The negative of this would be that we would have to go back into design stage to spec the binary format, and then we would need to write the code to implement that; whereas now we are using the same decoding function for both layers. That's basically a simple matter of programming and time and I'm definitely willing to do it if we decide it's the right thing to do.

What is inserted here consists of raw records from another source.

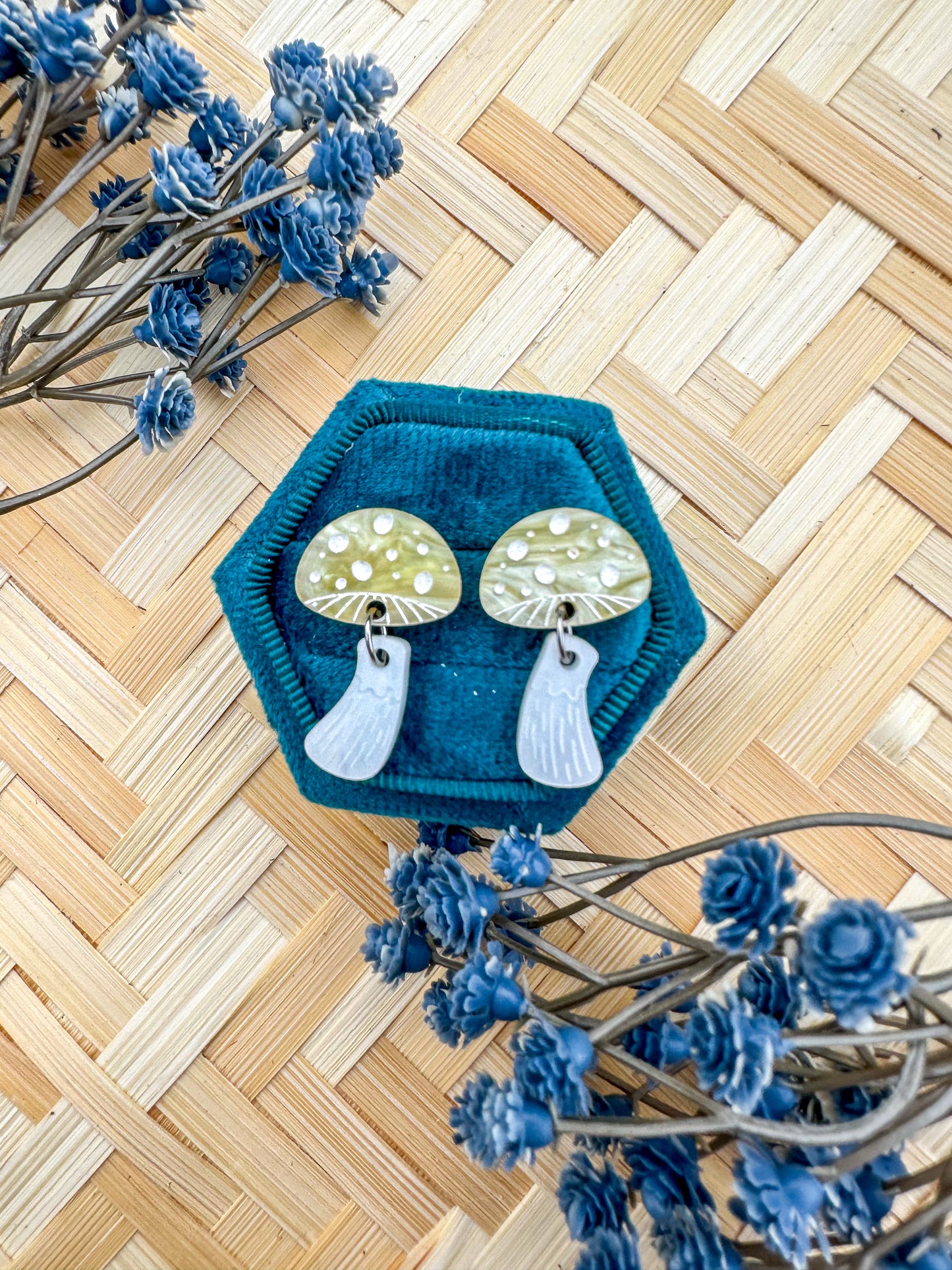 Mushroom Mini Dangles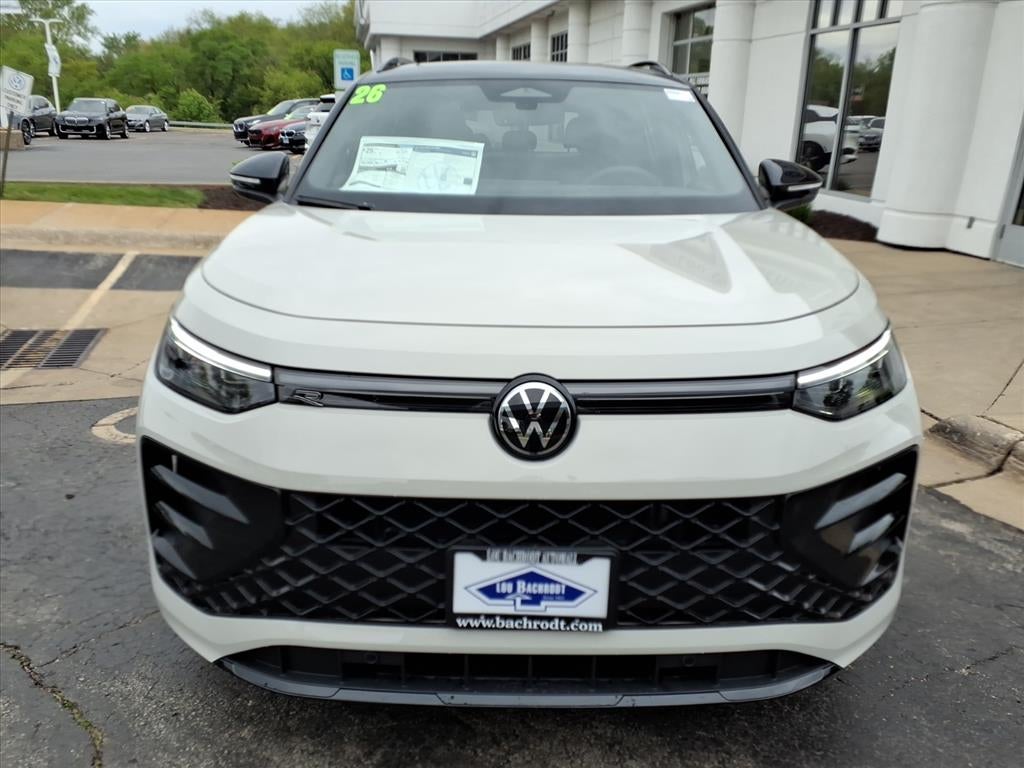 2026 Volkswagen Tiguan SE R-Line Black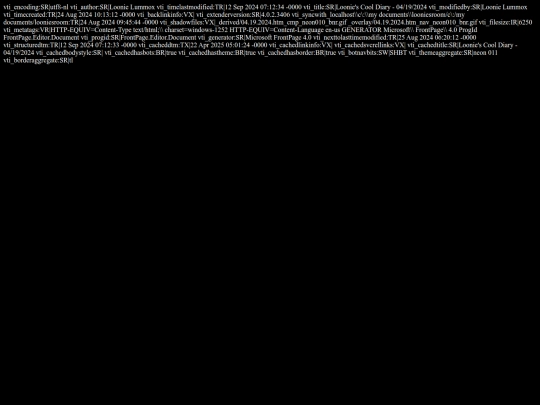 diary/_vti_cnf/04.19.2024 screenshot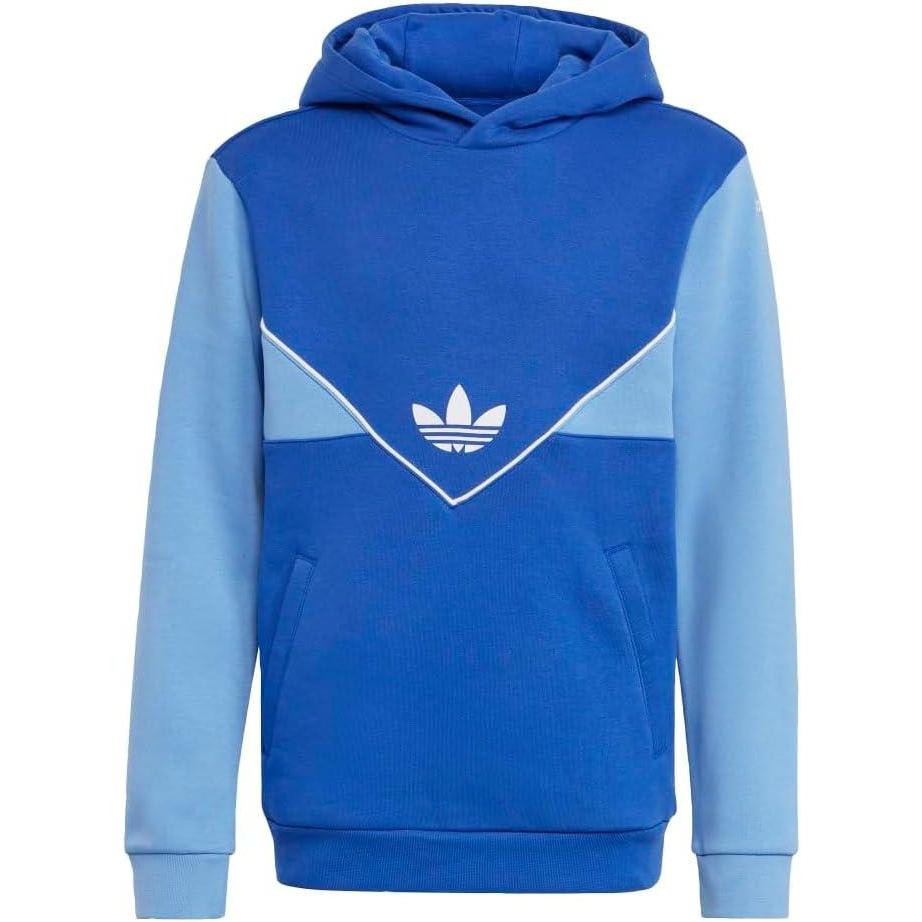 imageadidas Originals Kids Adicolor HoodieSemi Lucid BlueBlue Fusion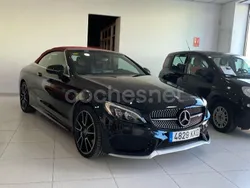 Negro Usado 2018 Mercedes C43 AMG Descapotable | 46.990 € (Precio justo)
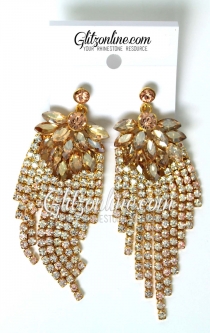 7499 Rhinestone Earrings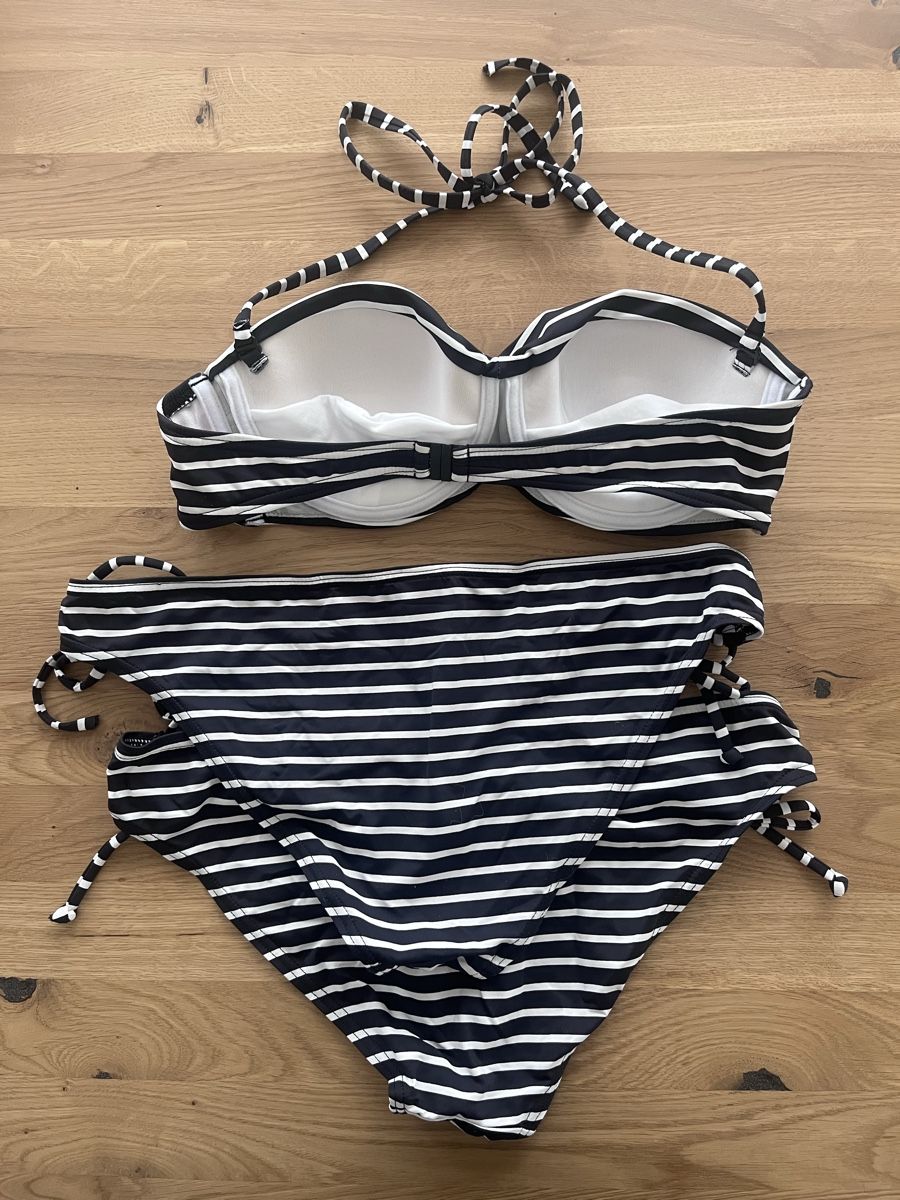 S.Oliver Costumi da bagno & Bikini: Bikini S. Oliver, Gr. 38B, gestreift – Usato da Münsingen venduto da Andrealie 1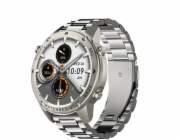Aligator Watch GPS, stříbrné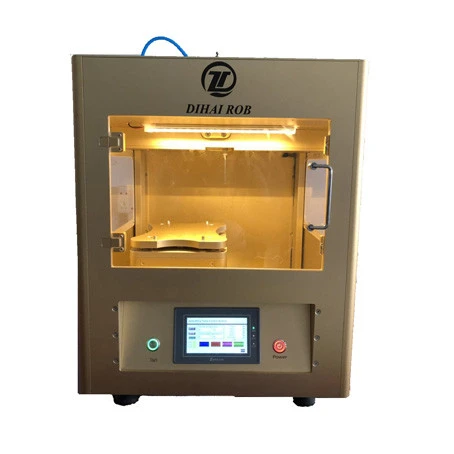 Mini machine de remplissage électrique THC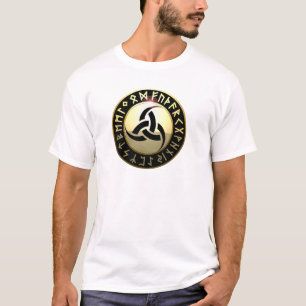 Trefaldig Horn av Odin T Shirt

We discussed this with David in IRC and decided that given the current state of development we should perhaps roll with the current design. That's because only a small number of hidden services would benefit from this change since default descriptors (of 3 intro points and no client auth) are just 4k bytes in size and they get padded to 10k bytes anyway. Only descriptors with many intro points and client auth data that are about 11k bytes would benefit from this change since they wouldn't need to get padded to 20k bytes, and they could actually fit in 10k.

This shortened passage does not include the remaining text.